+++ Excerpted data +++
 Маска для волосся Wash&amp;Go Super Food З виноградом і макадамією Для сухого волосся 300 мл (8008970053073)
+++
+++ Excerpted data +++
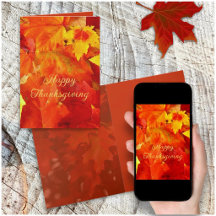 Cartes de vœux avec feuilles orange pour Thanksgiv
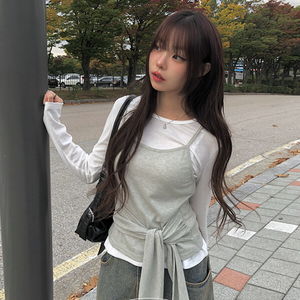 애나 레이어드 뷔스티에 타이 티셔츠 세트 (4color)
+++
+++ Excerpted data +++
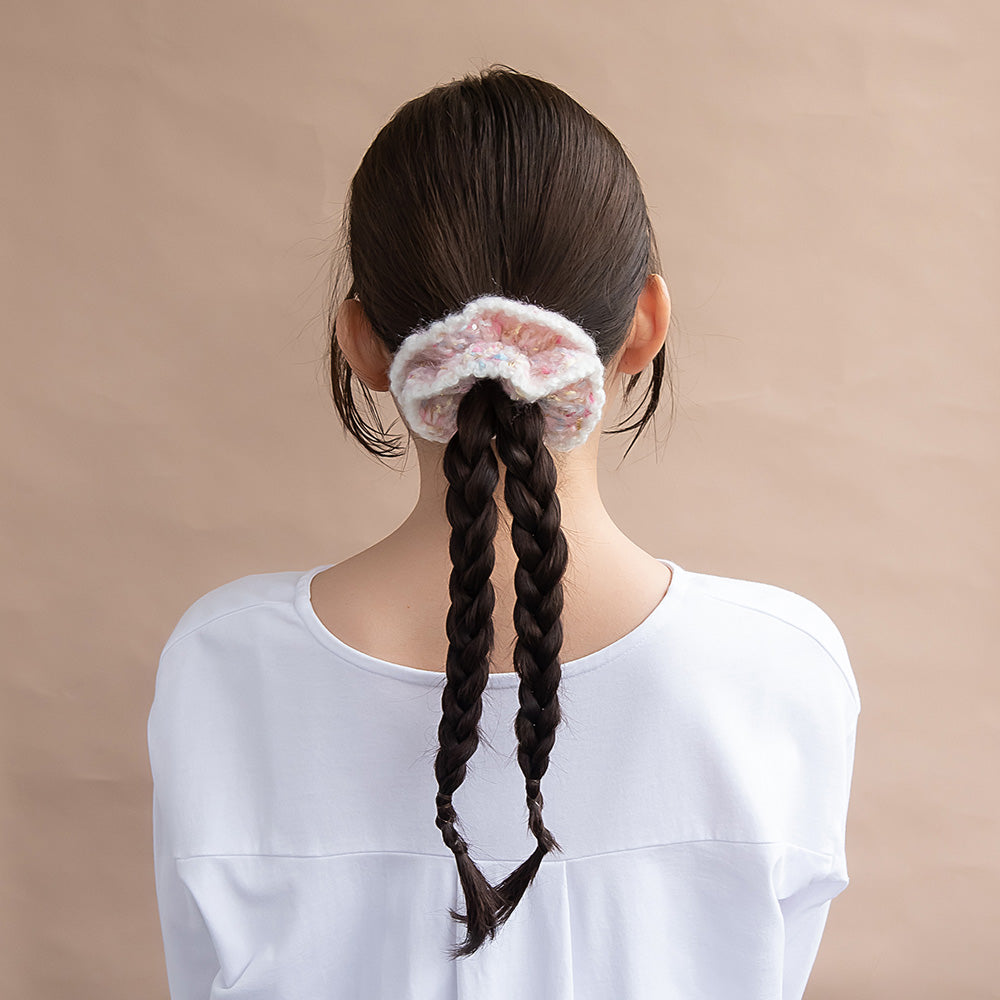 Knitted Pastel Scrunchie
+++
- _The problem_: For this exercise, please set down exactly the lines of the listing above from the line with "Cartes de vœux" up to and including the line with "애나 레이어드 뷔스티에 타이 티셔츠 세트 (4color)", and no pictures.

- _The answer_:
 Cartes de vœux avec feuilles orange pour Thanksgiv
 애나 레이어드 뷔스티에 타이 티셔츠 세트 (4color)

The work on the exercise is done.